An exact copy is needed of the lines from the one that contains "91家纺网 家纺一手货源 找家纺" through the final line of the data below, with pictures left out.

--- Provided records ---

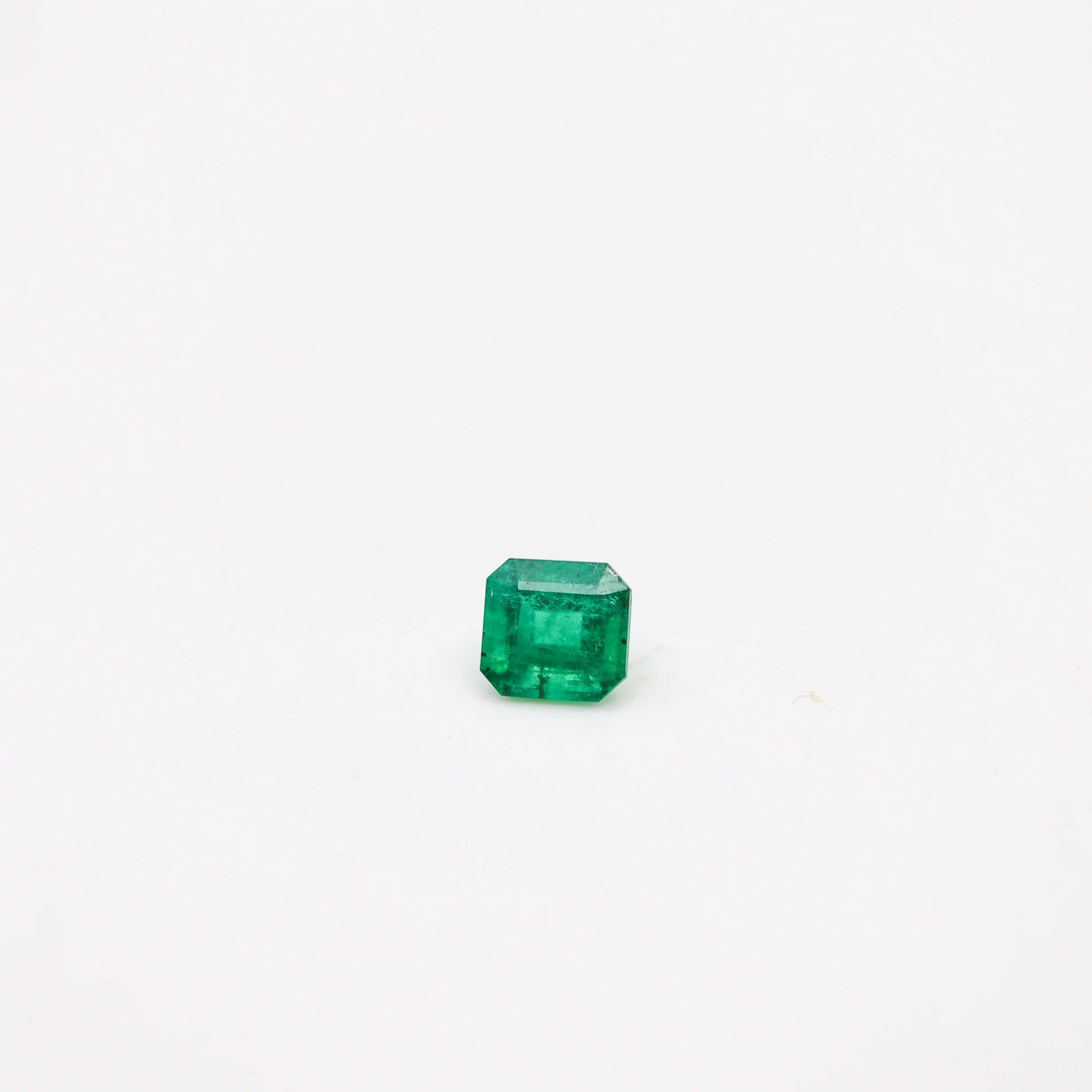 GIA CERTIFIED Emerald Square-Cut Shape Vivid Green 2.87 Carats GIA-5211570703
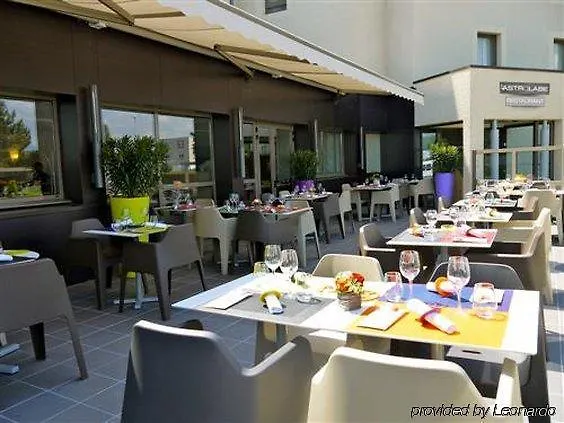 Ibis Styles Aeroport ホテル 3*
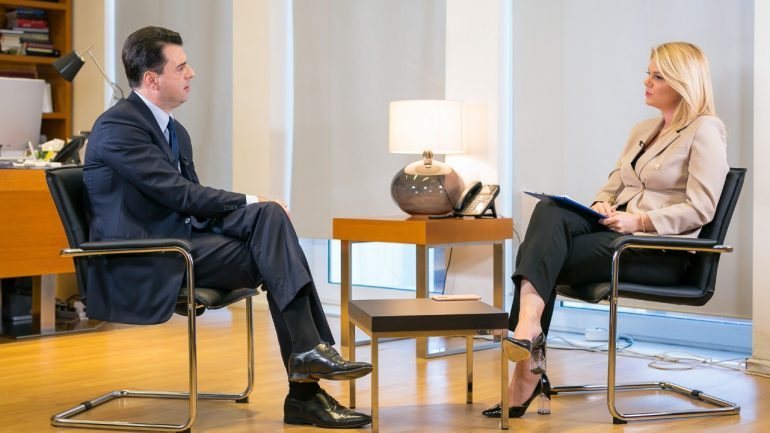 INTERVISTA/ Basha: Berisha po keqpërdor ndjeshmëritë e demokratëve. Pse Kuvendi i PD mblidhet më 18 dhjetor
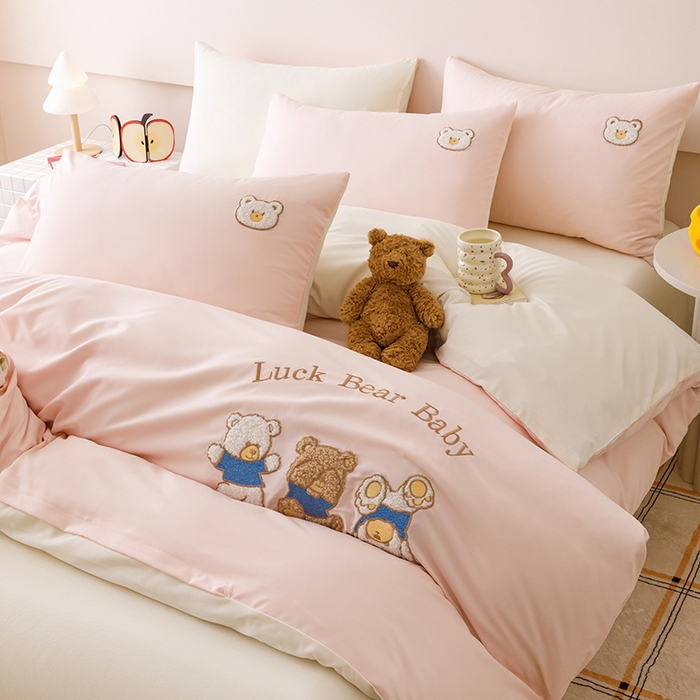 91家纺网 家纺一手货源 找家纺 悦兴家纺 2025新款A类水洗棉卡通幸运熊四件套（含买家秀） 幸运熊奶粉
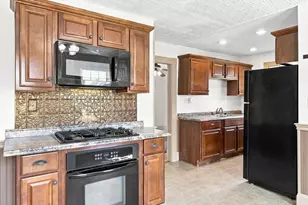 15 Hampstead St, Lowell, MA 01852 - Photo 26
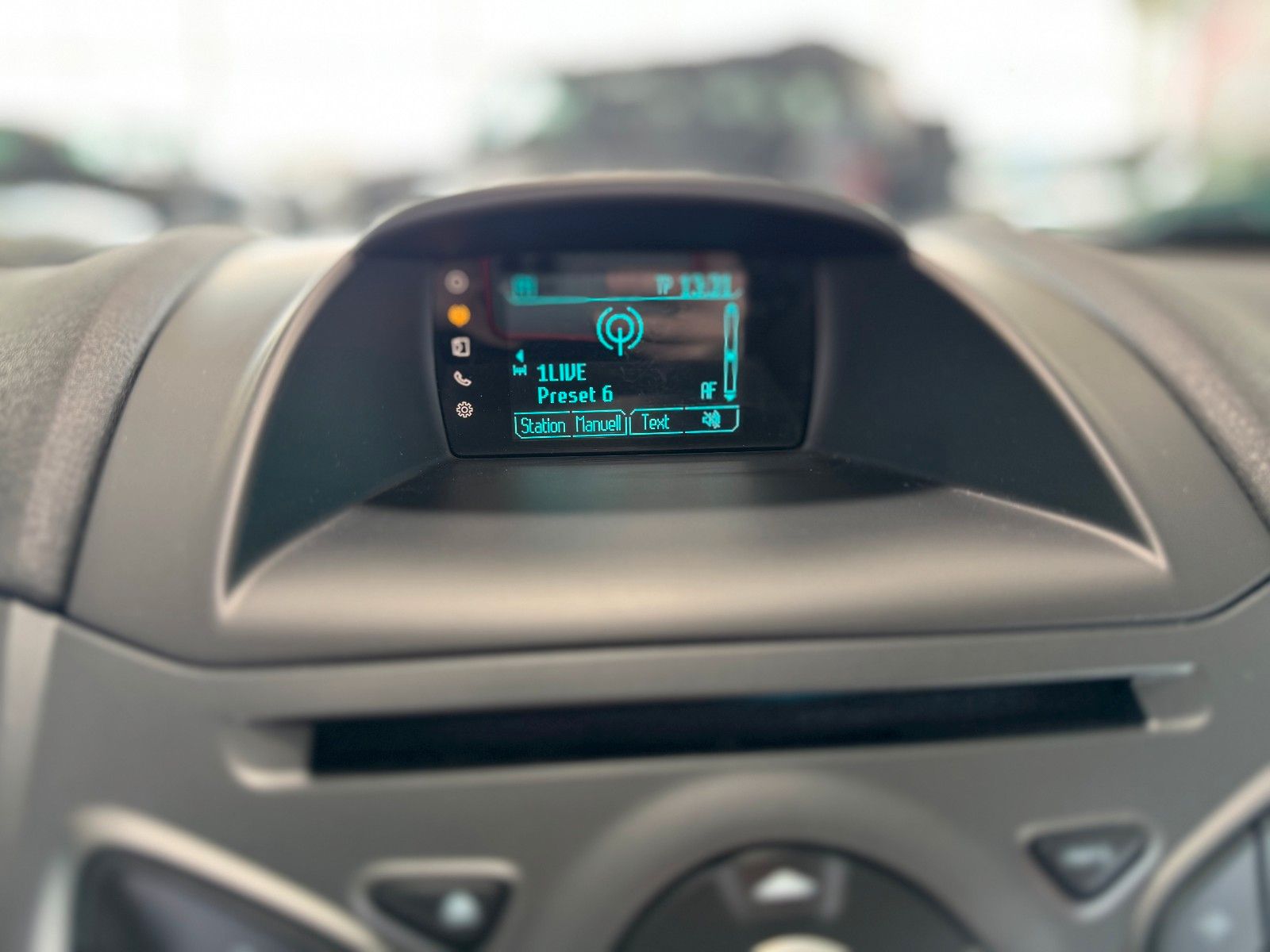Fahrzeugabbildung Ford Fiesta 1.25 SYNC Edition  "GARANTIE Klima PDC"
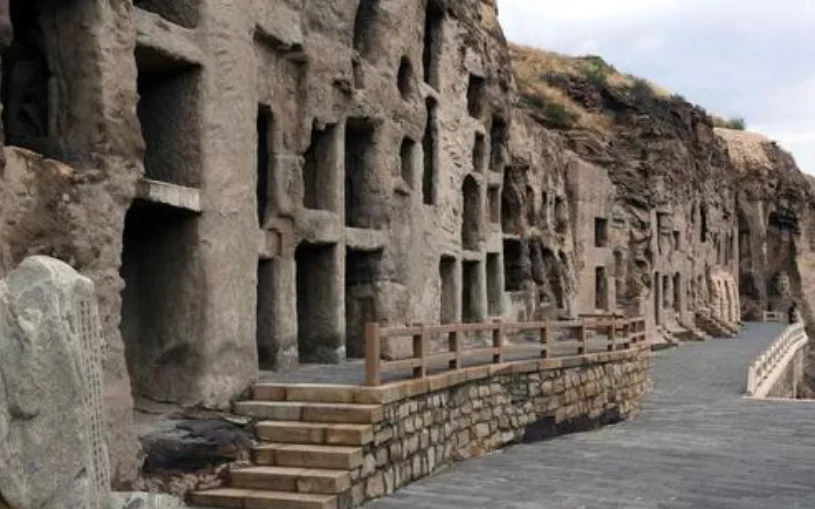 高铁龙门站下车后怎样去龙门石窟（龙门石窟高铁）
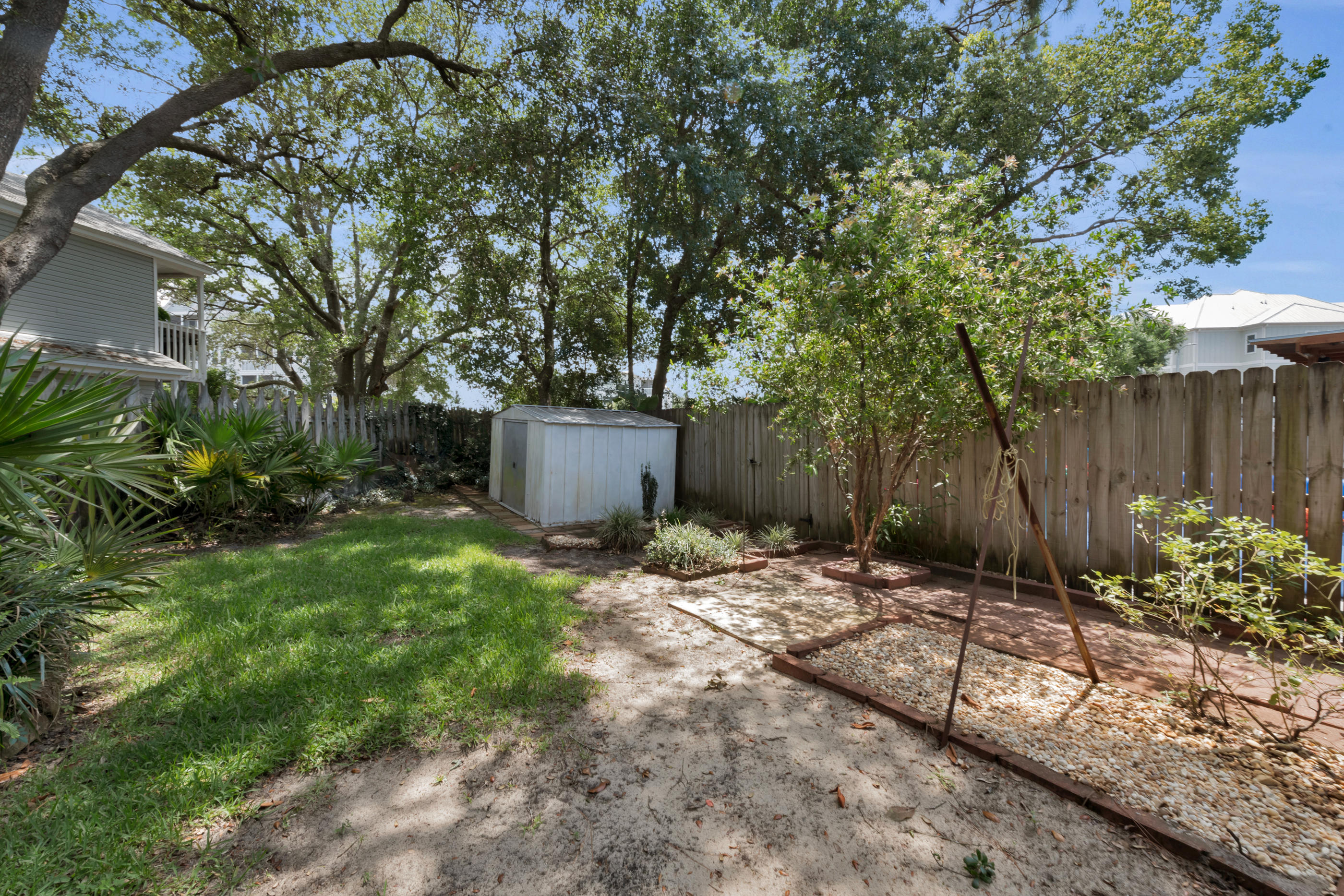 CHATELAINE EST - Residential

---

Answer for this exercise —
 91家纺网 家纺一手货源 找家纺 悦兴家纺 2025新款A类水洗棉卡通幸运熊四件套（含买家秀） 幸运熊奶粉
 15 Hampstead St, Lowell, MA 01852 - Photo 26
Fahrzeugabbildung Ford Fiesta 1.25 SYNC Edition  "GARANTIE Klima PDC"
 高铁龙门站下车后怎样去龙门石窟（龙门石窟高铁）
 CHATELAINE EST - Residential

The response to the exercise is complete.